The aims of the service were to:
- Provide care that is closer to home
- Provide treatment summaries to improve transition of care back to the GP
- Offer timely access to Continence, Erectile Dysfunction, Community Therapies and other specialist services
- Provide survivorship support through the ‘Living with Prostate Cancer’ course
- Provide individual support mechanisms for patients and carers, such as telephone contact and provision of supportive literature according to clinical need
Find out what works
The team gained valuable insight into the benefits that HNAs can offer both patients and their relatives. They used the 'Identifying your concerns' check list which was developed as part of the National Cancer Survivorship Initiative. This tool is completed prior to their assessment and allowed patients to discuss sensitive issues that may have not otherwise been addressed.
The 'Living with Prostate Cancer' course has been a valuable learning experience and has shown how a group of men can be supported and educated through a six week programme. They enjoyed an introduction to exercise, education of symptom management and gained valuable peer support from other members of the group. This course has enabled us to get a better understanding of the impact that prostate cancer has on men and their families and will assist in shaping the future service.
Initially the team found integrating with the local Secondary care hospital team challenging. This has been due to restructuring of services, change in Service Leads, meetings being arranged in a timely manner and time constraints of staff in order to support the integration process.
However within the local hospital they made progress in overcoming these challenges and now have regular contact via phone and email with the Uro-Oncology nurses. Monthly meetings in the hospital were also established to support integration of the roles.
Initially raising awareness and getting referrals into to the service was challenging. This was overcome by emailing and contacting GP surgeries introducing the service, getting the commissioners involved to raise the profile and offer support. Writing to all consultants personally to explain what the service entailed and how to refer. Posters were put up in all GP surgeries and clinics within our local community. The team developed patient leaflets with contact details on and have attended link groups and local support groups.
The Prostate Cancer Nurse Service has been a successful and popular service. It won the Wirral Community NHS Trust 'Patient at the Heart' award, and there was strong community support for the service.

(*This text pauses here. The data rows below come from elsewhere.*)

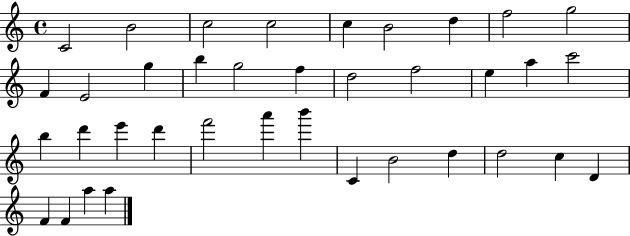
X:1
T:Untitled
M:4/4
L:1/4
K:C
C2 B2 c2 c2 c B2 d f2 g2 F E2 g b g2 f d2 f2 e a c'2 b d' e' d' f'2 a' b' C B2 d d2 c D F F a a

Using the HNA as a tool, the service has identified the issues that men were most concerned by such as continence and erectile dysfunction. This has ensured men have timely support, advice, referrals and were signposted to relevant services.
The clinics were run in the community which helped in providing care closer to home.
80% of men surveyed felt that the support from the nursing team improved their quality of life and 100% of men surveyed had a very good experience of the service.
Five Living Well with Prostate Cancer Survivorship Courses in partnership with Maggie's Merseyside and Livewell services were run. The pilot course was evaluated and 70% of men felt more in control of physical symptoms and 100% were satisfied with amount of support and encouragement received on programme.
A business case has been submitted and Wirral Community Trust is reviewing options.